Adjuvant treatment is treatment given after primary treatment (eg. surgery, radiotherapy) to fully eradicate any remaining cancer cells.
Types of adjuvant treatment for cancer are chemotherapy, radiotherapy, hormonal therapy, targeted therapy and biologic therapy.
Why is Adjuvant Treatment Important?
Even if the surgery was successful at removing all visible tumor, microscopic cancer cells that cannot be seen by surgeon can be missed, especially in more advanced cancer stage.
In colorectal cancer, adjuvant chemotherapy helped to lower disease recurrence, increase cure rate and survival, especially in more advanced cancer stage.
Multiple studies showed clear benefit of adjuvant chemotherapy in stage III and also in ‘high-risk’ stage II colorectal cancer.
‘High-risk’ stage II are
- positive/ close resection margin
- lymph nodes sampling <12
- poorly differentiated tumour
- vascular or lymphatic or perineural invasion
- tumour presentation with obstruction or tumour perforation
- pT4 stage
Adjuvant chemotherapy is not offered to all patients.
It’s only for selected group of colorectal cancer patients (stage III, ‘high-risk’ stage II) who derives most benefit from it based on multiple clinical trials.
I always find it odd that patients dare to undergo surgery for hours to resect the tumor out but are scared of chemotherapy, which is just infusion of medicine.
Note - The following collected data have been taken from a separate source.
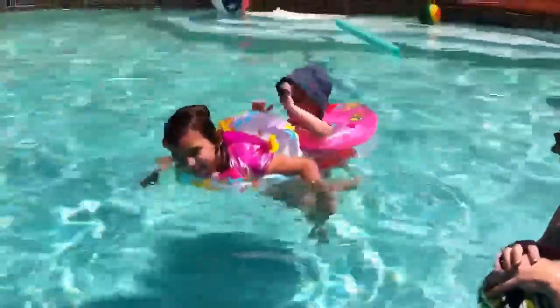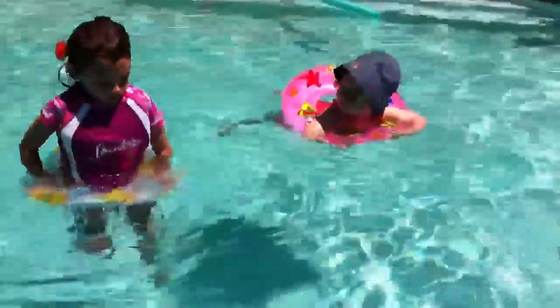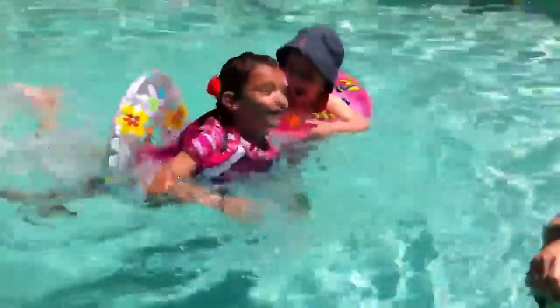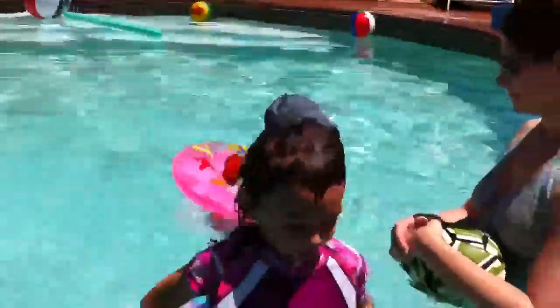I think people are going backwards here, oh that didn't work too good. You want to get to daddy? Come over where daddy is. Look at you go, Madison! Face up, face up, or you'll get water in your face. Two of the girls swimming together.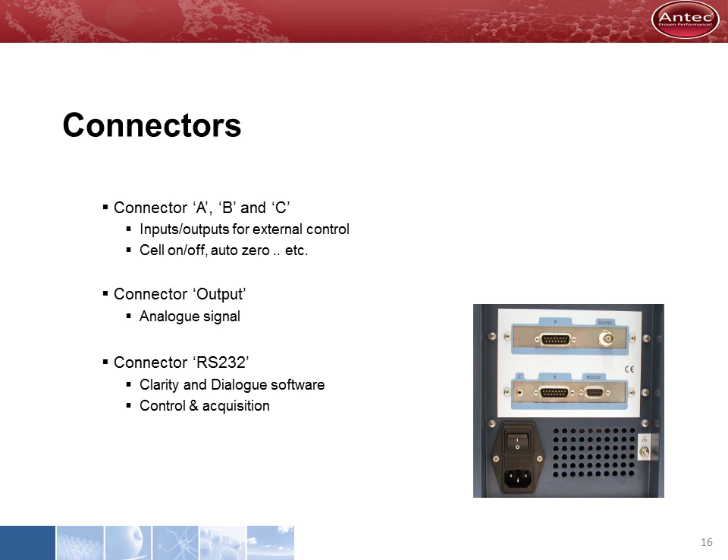On the rear panel, a number of connectors are located. There are connectors for external control, for example to trigger the AutoZero. The output connector is for analog data acquisition and an AD converter. A serial port is available for computer control, for example when using our Clarity data acquisition software.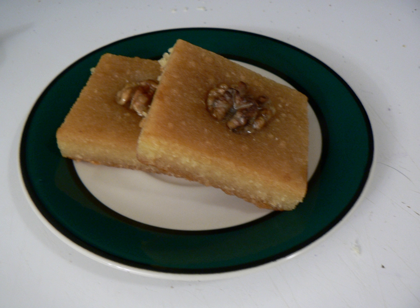Basbusa is a traditional Middle Eastern sweet cake. It is made from cooked semolina or farina soaked in simple syrup. Coconut is also a popular option to add into this pastry. Orange flower water or rose water is also an optional addition to the simple syrup used in the basbusa.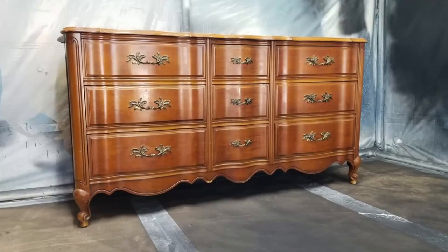A local Facebook follower of mine gave me this dresser for free just because she wanted to see what I would do with it.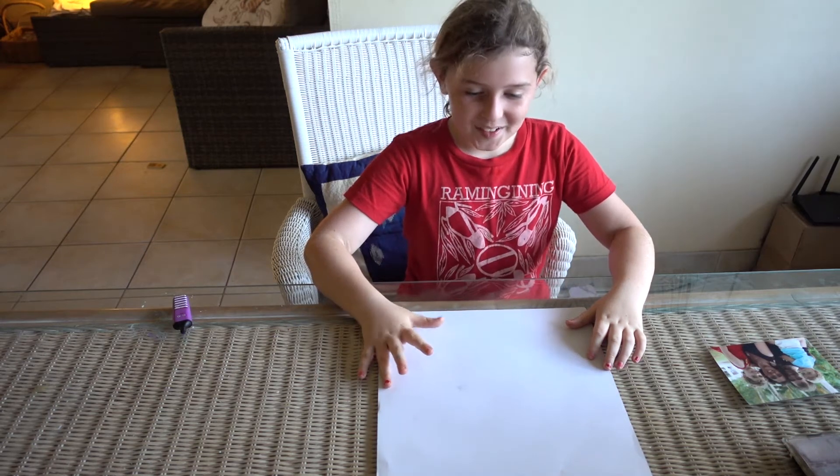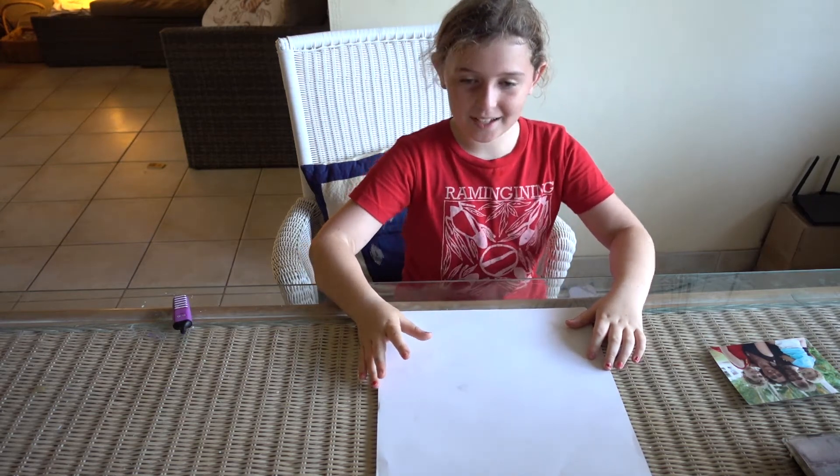Hi, today we're going to make a picture frame.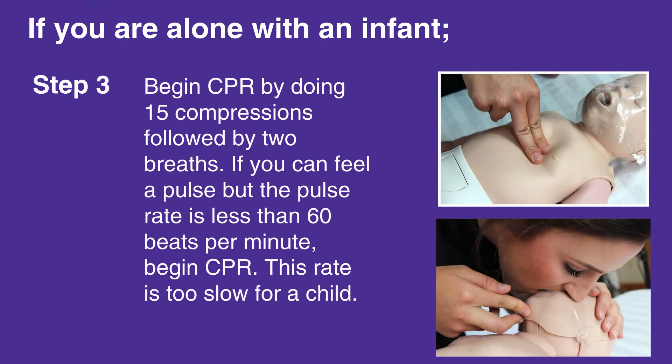If you can feel a pulse but the pulse rate is less than 60 beats per minute, begin CPR. This rate is too slow for a child.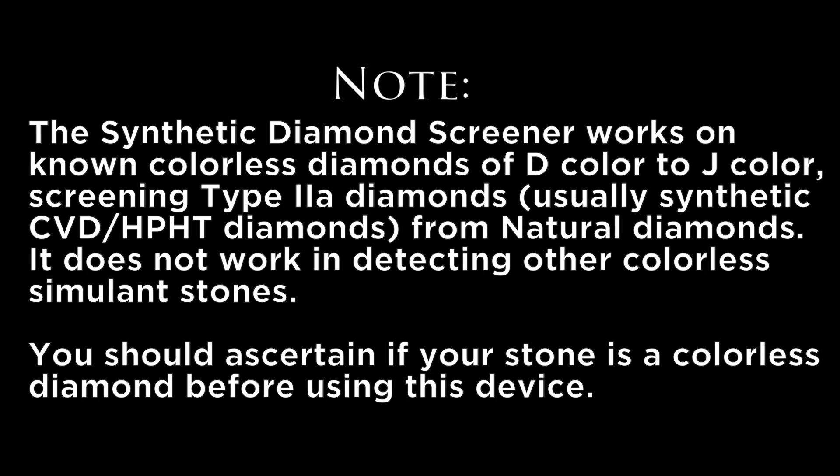The Synthetic Diamond Screener works on colourless diamonds of D colour to J colour, screening type 2A diamonds, which are usually synthetic CVD or HPHT diamonds, from natural diamonds. It does not work in detecting other colourless simulant stones. You should ascertain if your stone is a colourless diamond before using this device.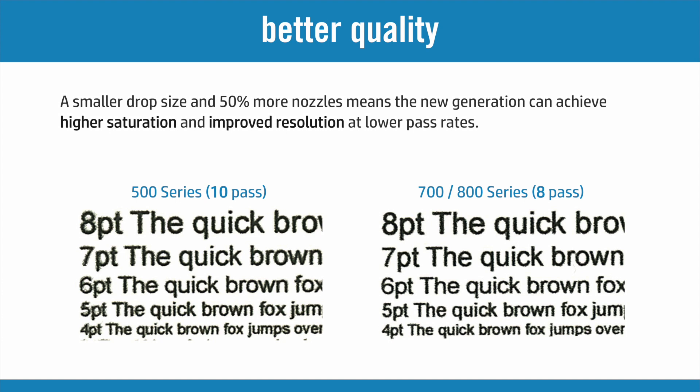As seen in the print results, the extra nozzles on the new 700 and 800 series helps in achieving higher saturation and better resolution, even at lower pass rates.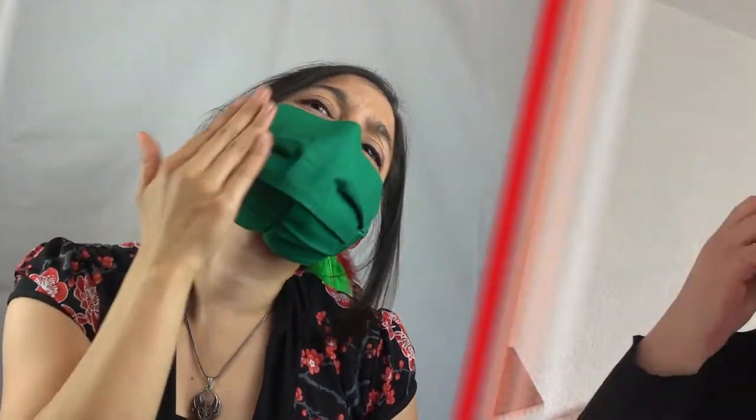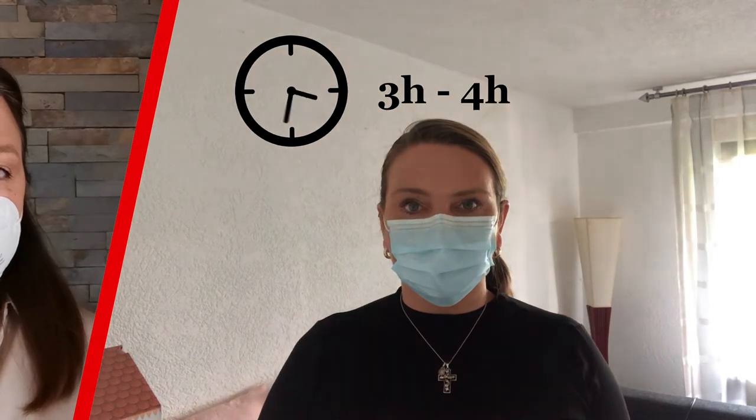Pay attention while wearing the mask. Don't touch the mask itself, only the straps. Never pull it under the chin and bring it back over your face later. Replace the mask after three to four hours, or earlier if it becomes moisturized.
They should join some support groups and hear from real patients who had successfully completed chemotherapy (most of them tolerate chemotherapy well) instead of basing their perception of chemotherapy from television or from those who have never undergo chemotherapy treatment before.
Unfortunately, a middle-aged patient of mine with stage 3 colorectal cancer still refused adjuvant chemotherapy today despite my hour-plus explanation. Sigh!
Will you refuse six months of adjuvant chemotherapy for CRC if it can allow you to live more than 10-years?